AJ Greaves

Personal information
- Full name: A.J. Anthony Junior Nelson Manuelle Greaves
- Date of birth: 17 November 2000 (age 25)
- Place of birth: Sheffield, England
- Height: 5 ft 10 in (1.77 m)
- Position: Midfielder

Youth career
- Doncaster Rovers

Senior career*
- Years: Team / Apps / (Gls)
- 2019–2022: Doncaster Rovers / 11 / (0)
- 2019: → Gainsborough Trinity (loan) / 8 / (0)
- 2021: → Redditch United (loan)
- 2022: → York City (loan) / 4 / (0)
- 2022–2023: York City / 5 / (0)
- 2023: → Spennymoor Town (loan) / 5 / (0)
- 2023: Marske United / 0 / (0)
- 2023–2024: Shirebrook Town
- 2024–2025: Sheffield / 44 / (1)
- 2025–: Ilkeston Town / 0 / (0)

= AJ Greaves =

English association football player (born 2000)
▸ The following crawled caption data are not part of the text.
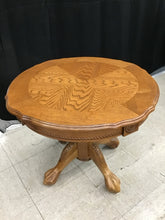 Load image into Gallery viewer, Table
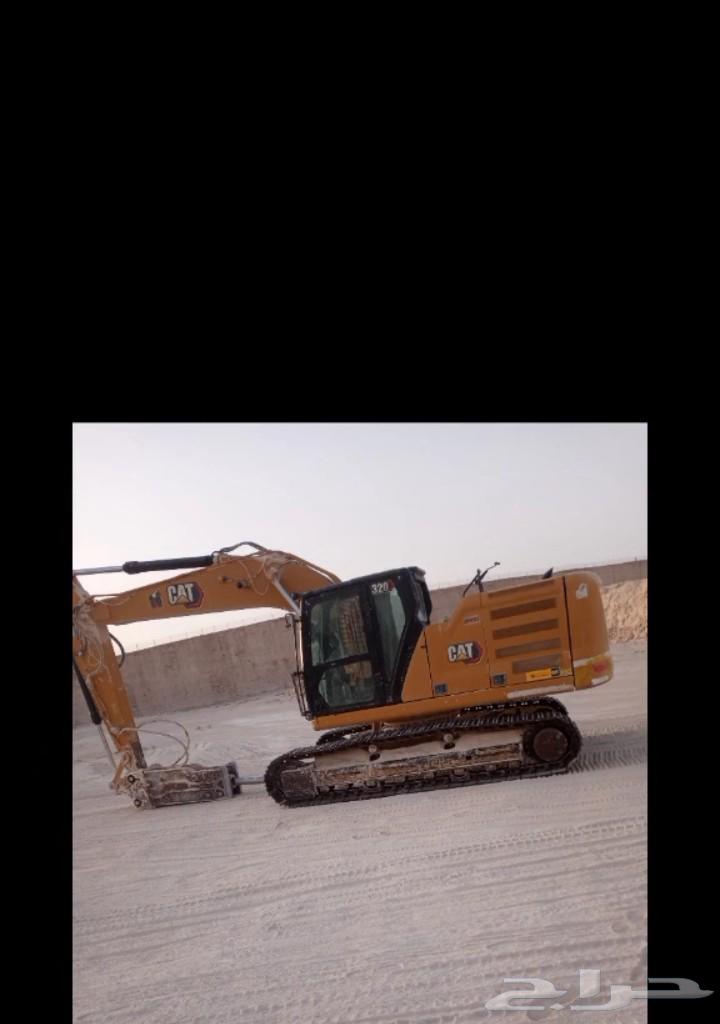 Available driver with a van currently in Riyadh, contact number 0563699701197827110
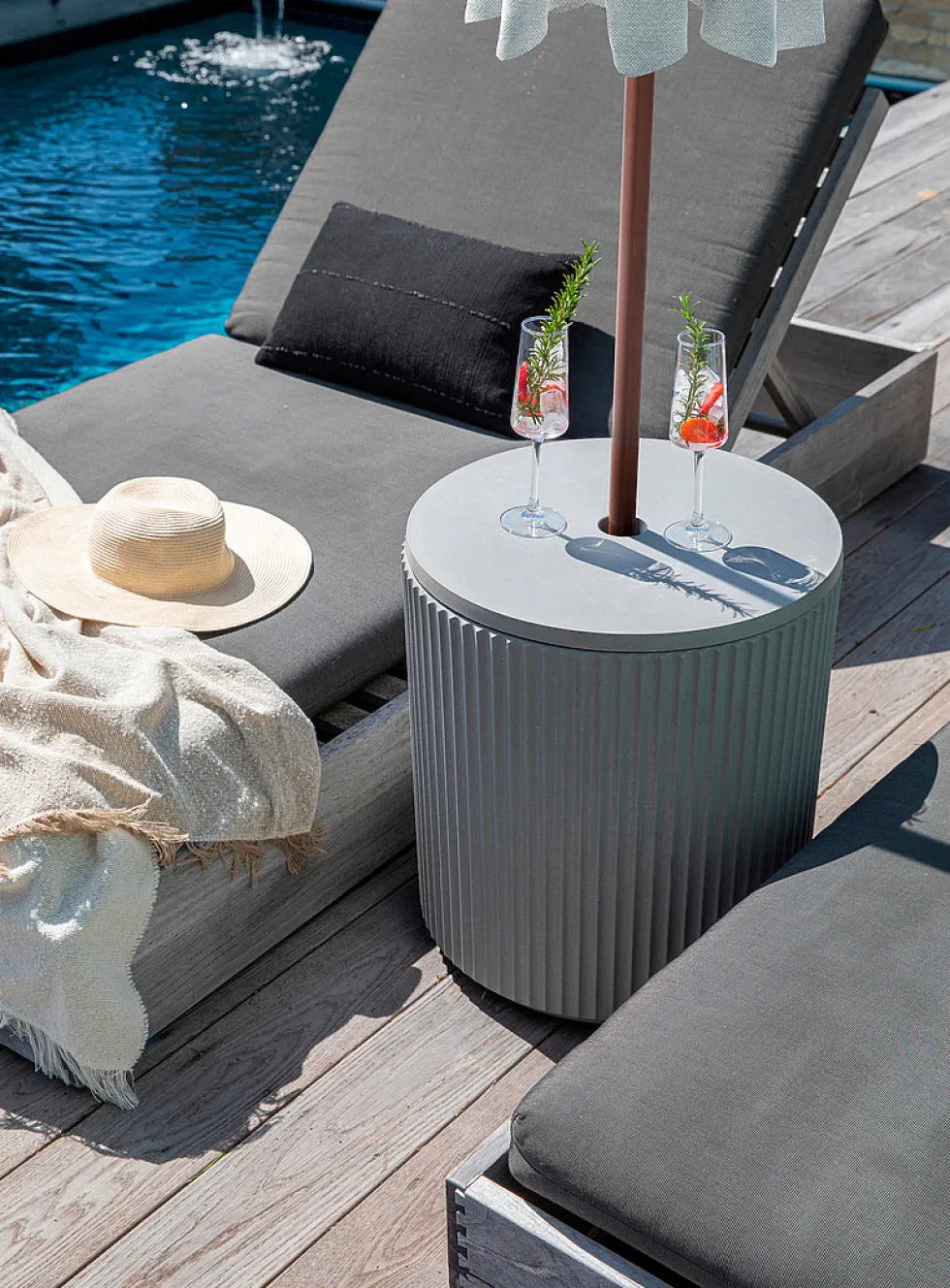 Demi grooved umbrella side table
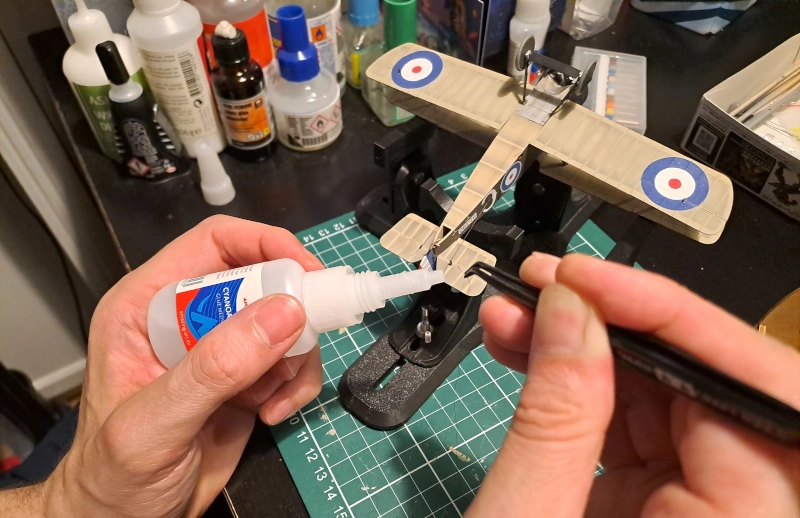 Applying glue to the lines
A.J. Anthony Junior Nelson Manuelle Greaves (born 17 November 2000) is an English professional footballer who plays as a midfielder for club Ilkeston Town.

==Career==
Born in Sheffield, Greaves was captain of the Doncaster Rovers under-18 team before turning professional in 2019. He made his senior debut for Doncaster on 8 October 2019 in the EFL Trophy, having joined Gainsborough Trinity on loan earlier that month.

His contract was extended by Doncaster at the end of 2019–20 season, until 2021. He made his full league debut in January 2021, and said he was hoping to replace Ben Whiteman, who had left the club, in the team. In April 2021, his contract was extended for a further year.

On 15 October 2021, he was sent out on loan to Southern Football League Premier Division Central side Redditch United on a youth loan. On 4 February 2022, Greaves joined National League North side York City on loan for the remainder of the 2021–22 season.

Greaves was released by Doncaster at the end of the 2021–22 season.

He returned to York City on a permanent contract in July 2022. He moved on loan to Spennymoor Town in March 2023. He was released by York after one season with the club, however was invited back for pre-season.

In June 2025, Greaves joined Northern Premier League Premier Division side Ilkeston Town following a season with Sheffield.